Each entry must be copied exactly, without omission.

* **INFORMATION**
+ + + +

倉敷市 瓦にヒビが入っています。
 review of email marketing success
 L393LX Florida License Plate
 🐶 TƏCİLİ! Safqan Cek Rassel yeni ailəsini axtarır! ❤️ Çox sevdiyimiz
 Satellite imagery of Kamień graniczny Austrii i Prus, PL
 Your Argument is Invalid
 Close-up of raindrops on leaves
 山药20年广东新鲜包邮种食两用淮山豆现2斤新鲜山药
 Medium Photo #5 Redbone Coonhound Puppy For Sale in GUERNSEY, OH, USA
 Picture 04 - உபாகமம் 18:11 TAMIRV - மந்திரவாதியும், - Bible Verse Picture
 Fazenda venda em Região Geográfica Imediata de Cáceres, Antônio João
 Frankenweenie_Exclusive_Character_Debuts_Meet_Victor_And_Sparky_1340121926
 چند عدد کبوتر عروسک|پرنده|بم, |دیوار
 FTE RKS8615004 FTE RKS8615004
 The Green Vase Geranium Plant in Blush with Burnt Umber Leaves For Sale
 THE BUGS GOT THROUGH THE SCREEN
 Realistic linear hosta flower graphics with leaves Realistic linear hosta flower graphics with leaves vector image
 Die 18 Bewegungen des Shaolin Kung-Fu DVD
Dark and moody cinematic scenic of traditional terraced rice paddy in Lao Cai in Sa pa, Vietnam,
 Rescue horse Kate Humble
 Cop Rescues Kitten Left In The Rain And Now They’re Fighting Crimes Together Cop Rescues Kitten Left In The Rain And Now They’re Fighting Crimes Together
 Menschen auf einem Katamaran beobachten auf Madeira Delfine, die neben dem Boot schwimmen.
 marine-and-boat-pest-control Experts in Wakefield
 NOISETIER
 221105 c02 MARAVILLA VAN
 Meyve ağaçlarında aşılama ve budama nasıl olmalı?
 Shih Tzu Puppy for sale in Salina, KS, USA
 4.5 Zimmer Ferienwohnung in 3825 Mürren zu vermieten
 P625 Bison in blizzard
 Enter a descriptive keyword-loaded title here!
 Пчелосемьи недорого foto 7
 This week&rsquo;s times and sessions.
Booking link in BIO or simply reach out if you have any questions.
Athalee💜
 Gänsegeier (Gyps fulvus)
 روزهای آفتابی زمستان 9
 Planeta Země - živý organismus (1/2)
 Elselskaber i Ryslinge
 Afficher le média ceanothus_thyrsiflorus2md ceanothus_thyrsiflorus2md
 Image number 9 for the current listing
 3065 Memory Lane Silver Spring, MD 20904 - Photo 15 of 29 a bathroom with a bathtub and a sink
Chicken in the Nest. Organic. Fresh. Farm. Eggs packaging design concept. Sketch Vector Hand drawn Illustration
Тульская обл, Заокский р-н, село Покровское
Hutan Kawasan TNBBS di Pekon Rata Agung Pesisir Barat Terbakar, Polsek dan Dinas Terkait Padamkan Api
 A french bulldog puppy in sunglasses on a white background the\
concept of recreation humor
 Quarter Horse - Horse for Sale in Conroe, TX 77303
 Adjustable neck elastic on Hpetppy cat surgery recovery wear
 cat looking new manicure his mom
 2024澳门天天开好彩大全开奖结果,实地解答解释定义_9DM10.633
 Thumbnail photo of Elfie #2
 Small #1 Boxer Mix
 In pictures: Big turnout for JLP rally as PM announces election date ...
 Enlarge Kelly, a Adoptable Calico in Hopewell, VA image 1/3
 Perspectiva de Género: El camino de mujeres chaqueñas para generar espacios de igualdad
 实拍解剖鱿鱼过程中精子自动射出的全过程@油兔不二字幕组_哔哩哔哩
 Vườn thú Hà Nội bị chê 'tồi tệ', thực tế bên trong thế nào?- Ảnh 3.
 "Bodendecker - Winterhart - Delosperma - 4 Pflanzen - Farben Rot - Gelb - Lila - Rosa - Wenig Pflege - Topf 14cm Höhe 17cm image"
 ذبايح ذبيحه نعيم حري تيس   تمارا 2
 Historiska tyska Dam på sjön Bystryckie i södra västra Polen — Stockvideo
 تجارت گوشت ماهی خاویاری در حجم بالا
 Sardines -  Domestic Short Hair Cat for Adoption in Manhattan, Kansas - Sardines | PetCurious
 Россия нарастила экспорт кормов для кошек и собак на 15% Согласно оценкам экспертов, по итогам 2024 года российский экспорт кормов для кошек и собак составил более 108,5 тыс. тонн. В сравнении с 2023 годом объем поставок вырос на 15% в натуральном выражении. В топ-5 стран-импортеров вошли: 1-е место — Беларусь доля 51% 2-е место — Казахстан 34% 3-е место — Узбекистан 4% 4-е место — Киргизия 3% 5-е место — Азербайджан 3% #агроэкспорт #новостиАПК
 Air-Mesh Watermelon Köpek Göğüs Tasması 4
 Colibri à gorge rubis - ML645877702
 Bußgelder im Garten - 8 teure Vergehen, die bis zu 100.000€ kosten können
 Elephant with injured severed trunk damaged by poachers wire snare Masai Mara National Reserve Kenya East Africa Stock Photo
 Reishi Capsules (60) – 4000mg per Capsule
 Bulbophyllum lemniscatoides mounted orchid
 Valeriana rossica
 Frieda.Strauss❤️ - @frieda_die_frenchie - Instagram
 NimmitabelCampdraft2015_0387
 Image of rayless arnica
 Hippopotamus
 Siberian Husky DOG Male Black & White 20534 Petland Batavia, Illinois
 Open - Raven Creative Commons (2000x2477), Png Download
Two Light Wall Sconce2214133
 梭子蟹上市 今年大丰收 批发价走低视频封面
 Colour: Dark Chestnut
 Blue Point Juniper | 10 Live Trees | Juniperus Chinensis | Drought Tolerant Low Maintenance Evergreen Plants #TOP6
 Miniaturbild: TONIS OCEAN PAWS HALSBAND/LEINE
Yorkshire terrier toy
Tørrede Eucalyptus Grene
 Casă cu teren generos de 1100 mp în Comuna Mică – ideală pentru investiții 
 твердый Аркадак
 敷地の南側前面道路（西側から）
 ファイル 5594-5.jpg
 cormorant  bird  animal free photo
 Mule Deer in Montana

+ + + +

* **PROBLEM SOLUTION**
倉敷市 瓦にヒビが入っています。
 review of email marketing success
 L393LX Florida License Plate
 🐶 TƏCİLİ! Safqan Cek Rassel yeni ailəsini axtarır! ❤️ Çox sevdiyimiz
 Satellite imagery of Kamień graniczny Austrii i Prus, PL
 Your Argument is Invalid
 Close-up of raindrops on leaves
 山药20年广东新鲜包邮种食两用淮山豆现2斤新鲜山药
 Medium Photo #5 Redbone Coonhound Puppy For Sale in GUERNSEY, OH, USA
 Picture 04 - உபாகமம் 18:11 TAMIRV - மந்திரவாதியும், - Bible Verse Picture
 Fazenda venda em Região Geográfica Imediata de Cáceres, Antônio João
 Frankenweenie_Exclusive_Character_Debuts_Meet_Victor_And_Sparky_1340121926
 چند عدد کبوتر عروسک|پرنده|بم, |دیوار
 FTE RKS8615004 FTE RKS8615004
 The Green Vase Geranium Plant in Blush with Burnt Umber Leaves For Sale
 THE BUGS GOT THROUGH THE SCREEN
 Realistic linear hosta flower graphics with leaves Realistic linear hosta flower graphics with leaves vector image
 Die 18 Bewegungen des Shaolin Kung-Fu DVD
Dark and moody cinematic scenic of traditional terraced rice paddy in Lao Cai in Sa pa, Vietnam,
 Rescue horse Kate Humble
 Cop Rescues Kitten Left In The Rain And Now They’re Fighting Crimes Together Cop Rescues Kitten Left In The Rain And Now They’re Fighting Crimes Together
 Menschen auf einem Katamaran beobachten auf Madeira Delfine, die neben dem Boot schwimmen.
 marine-and-boat-pest-control Experts in Wakefield
 NOISETIER
 221105 c02 MARAVILLA VAN
 Meyve ağaçlarında aşılama ve budama nasıl olmalı?
 Shih Tzu Puppy for sale in Salina, KS, USA
 4.5 Zimmer Ferienwohnung in 3825 Mürren zu vermieten
 P625 Bison in blizzard
 Enter a descriptive keyword-loaded title here!
 Пчелосемьи недорого foto 7
 This week&rsquo;s times and sessions.
Booking link in BIO or simply reach out if you have any questions.
Athalee💜
 Gänsegeier (Gyps fulvus)
 روزهای آفتابی زمستان 9
 Planeta Země - živý organismus (1/2)
 Elselskaber i Ryslinge
 Afficher le média ceanothus_thyrsiflorus2md ceanothus_thyrsiflorus2md
 Image number 9 for the current listing
 3065 Memory Lane Silver Spring, MD 20904 - Photo 15 of 29 a bathroom with a bathtub and a sink
Chicken in the Nest. Organic. Fresh. Farm. Eggs packaging design concept. Sketch Vector Hand drawn Illustration
Тульская обл, Заокский р-н, село Покровское
Hutan Kawasan TNBBS di Pekon Rata Agung Pesisir Barat Terbakar, Polsek dan Dinas Terkait Padamkan Api
 A french bulldog puppy in sunglasses on a white background the\
concept of recreation humor
 Quarter Horse - Horse for Sale in Conroe, TX 77303
 Adjustable neck elastic on Hpetppy cat surgery recovery wear
 cat looking new manicure his mom
 2024澳门天天开好彩大全开奖结果,实地解答解释定义_9DM10.633
 Thumbnail photo of Elfie #2
 Small #1 Boxer Mix
 In pictures: Big turnout for JLP rally as PM announces election date ...
 Enlarge Kelly, a Adoptable Calico in Hopewell, VA image 1/3
 Perspectiva de Género: El camino de mujeres chaqueñas para generar espacios de igualdad
 实拍解剖鱿鱼过程中精子自动射出的全过程@油兔不二字幕组_哔哩哔哩
 Vườn thú Hà Nội bị chê 'tồi tệ', thực tế bên trong thế nào?- Ảnh 3.
 "Bodendecker - Winterhart - Delosperma - 4 Pflanzen - Farben Rot - Gelb - Lila - Rosa - Wenig Pflege - Topf 14cm Höhe 17cm image"
 ذبايح ذبيحه نعيم حري تيس   تمارا 2
 Historiska tyska Dam på sjön Bystryckie i södra västra Polen — Stockvideo
 تجارت گوشت ماهی خاویاری در حجم بالا
 Sardines -  Domestic Short Hair Cat for Adoption in Manhattan, Kansas - Sardines | PetCurious
 Россия нарастила экспорт кормов для кошек и собак на 15% Согласно оценкам экспертов, по итогам 2024 года российский экспорт кормов для кошек и собак составил более 108,5 тыс. тонн. В сравнении с 2023 годом объем поставок вырос на 15% в натуральном выражении. В топ-5 стран-импортеров вошли: 1-е место — Беларусь доля 51% 2-е место — Казахстан 34% 3-е место — Узбекистан 4% 4-е место — Киргизия 3% 5-е место — Азербайджан 3% #агроэкспорт #новостиАПК
 Air-Mesh Watermelon Köpek Göğüs Tasması 4
 Colibri à gorge rubis - ML645877702
 Bußgelder im Garten - 8 teure Vergehen, die bis zu 100.000€ kosten können
 Elephant with injured severed trunk damaged by poachers wire snare Masai Mara National Reserve Kenya East Africa Stock Photo
 Reishi Capsules (60) – 4000mg per Capsule
 Bulbophyllum lemniscatoides mounted orchid
 Valeriana rossica
 Frieda.Strauss❤️ - @frieda_die_frenchie - Instagram
 NimmitabelCampdraft2015_0387
 Image of rayless arnica
 Hippopotamus
 Siberian Husky DOG Male Black & White 20534 Petland Batavia, Illinois
 Open - Raven Creative Commons (2000x2477), Png Download
Two Light Wall Sconce2214133
 梭子蟹上市 今年大丰收 批发价走低视频封面
 Colour: Dark Chestnut
 Blue Point Juniper | 10 Live Trees | Juniperus Chinensis | Drought Tolerant Low Maintenance Evergreen Plants #TOP6
 Miniaturbild: TONIS OCEAN PAWS HALSBAND/LEINE
Yorkshire terrier toy
Tørrede Eucalyptus Grene
 Casă cu teren generos de 1100 mp în Comuna Mică – ideală pentru investiții 
 твердый Аркадак
 敷地の南側前面道路（西側から）
 ファイル 5594-5.jpg
 cormorant  bird  animal free photo
 Mule Deer in Montana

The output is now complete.